Why Go

It all comes down to this: A person enters psychotherapy because he is lost or stuck. He may feel this way or it may be evident in behavior, but in any case that is the problem. "Lost or stuck?" I hear a voice asking. "What has that to do with anxiety, depression, panic, phobias, schizophrenia, obsessive-compulsive disorder, adolescent rebellion, drug abuse, school phobia, wife beating, compulsive promiscuity, etc.?" The answer is: Everything.

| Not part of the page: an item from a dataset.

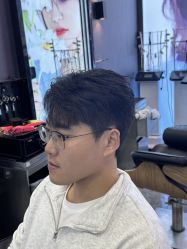 -藤野造型烫染·漂发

When a person enters psychotherapy, or is dragged into it by relatives, the common element among all these problems is that his behavior, feelings, thoughts, perceptions seem irrational. We, and he, cannot understand why he feels so angry, so depressed, so obsessed with triviality, so afraid of nothing. He says he is worthless, he believes he is hated, he believes the government has labeled him a terrorist and that he must hide, he is sure no woman could ever care for him, he is sure that all women love him. Turning to behavior, he may be ruining his life with drugs or alcohol despite his own desire to stop; or he washes his hands until they are raw, all the while knowing that this is pointless and self-destructive. He beats his wife or girlfriend, yet is sure that he loves her; perhaps he does. He alienates people with his arrogant and supercilious attitude, ruining his chances for social and professional success, yet he is the first one to see such self-destructive patterns in others. He gets into one masochistic relationship after another, each time suffering the abuse and insensitivity of his lover and swearing never to make that mistake again. He breaks out into a cold sweat, his heart races, and he is sick with fear when getting into an elevator, yet he knows all the statistics about how safe elevators are and that he is in fact in greater real danger sitting in his bathtub.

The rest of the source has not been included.